On this day in Duluth in 1966, more than 1,000 people gathered at the Lyceum Theatre at 5th Avenue West and Superior Street for the final performance: a tour led by members of the St. Louis County Historical Society, Duluth Playhouse and Junior League. In fact, 15 of them. The historical society’s executive secretary, Mrs. Josiah H. Greene, told the Duluth News Tribune that the group had planned on four tours, but so many people showed up to say goodbye that 11 more were added. The newspaper was sentimental in its coverage, beginning with a headline that read “Grand Old Lady Bows Out; 1,000 Bid Poignant Farewell to Lyceum.” The story began, “The Lyceum Theatre gave her final performance Saturday before a packed house of more than 1,000 visitors. Critics might call her production a nostalgic ‘History of the Temple of the Muses,’ but to those who attended it meant many different things. Some came because their parents or grandparents attended many years ago. Others because they had performed at the Lyceum. And still others because they themselves were regular patrons at Lyceum productions. A few came because their parents had their first date there, and on and on and on…some even cried. it may be that the grand old lady was showing off a bit Saturday afternoon when she stood in review for the crowds that toured her, for she was dressed in all the fineries and stage trappings she had worn for 75 years of theatrical performances.” You can read about the Lyceum’s entire history here.
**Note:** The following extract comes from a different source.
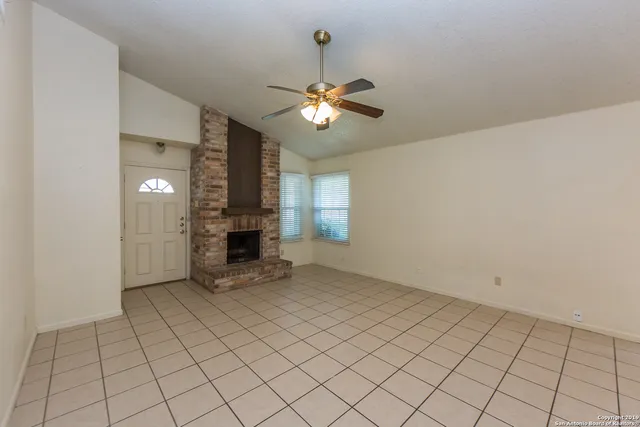 a view of an empty room and fire place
9 Responses to January 21, 1966: the Lyceum Theatre’s final bow

  1. My first date with my boyfriend (later husband) was at the Lyceum Theatre. At that time, the cost of a movie (maybe 2) was a quarter (1953-54). It is a shame that so many of the iconic buildings, i.e., Spalding Hotel, Freimuths Department Store, etc., in Duluth were razed. At least someone had the good sense to allow the Civic Center Buildings to remain — what a treasure.

  2. The deterioration and destruction of the Lyceum resulted in the loss of an architectural treasure. Fortunately the Great Northern Passenger station, a block away, was saved.

  3. My great-uncle, Jim Milne, retired as a projectionist at the Lyceum.
    And Ray Marshall I am the grand nephew of Bill Sundin who you are related to through Anna.

  4. My grandfather, Dr. Samuel H Boyer Sr., had his first office in the Lyceum building. He later co-officed with Dr. Charles (?) Bagley. There is a reproduction of their office by the railroad mesueum.

  5. Oral Manilla taught dancing lessons in what was once the rehearsal hall upstairs. So one Friday evening in between Frankenstein movies, our dancing class went down a spiral staircase to the back stage area, and then on to dance on that remarkable stage! Only bummer was the fellow who made his living dressed as Frankenstein greeting us at the foot of the stairs.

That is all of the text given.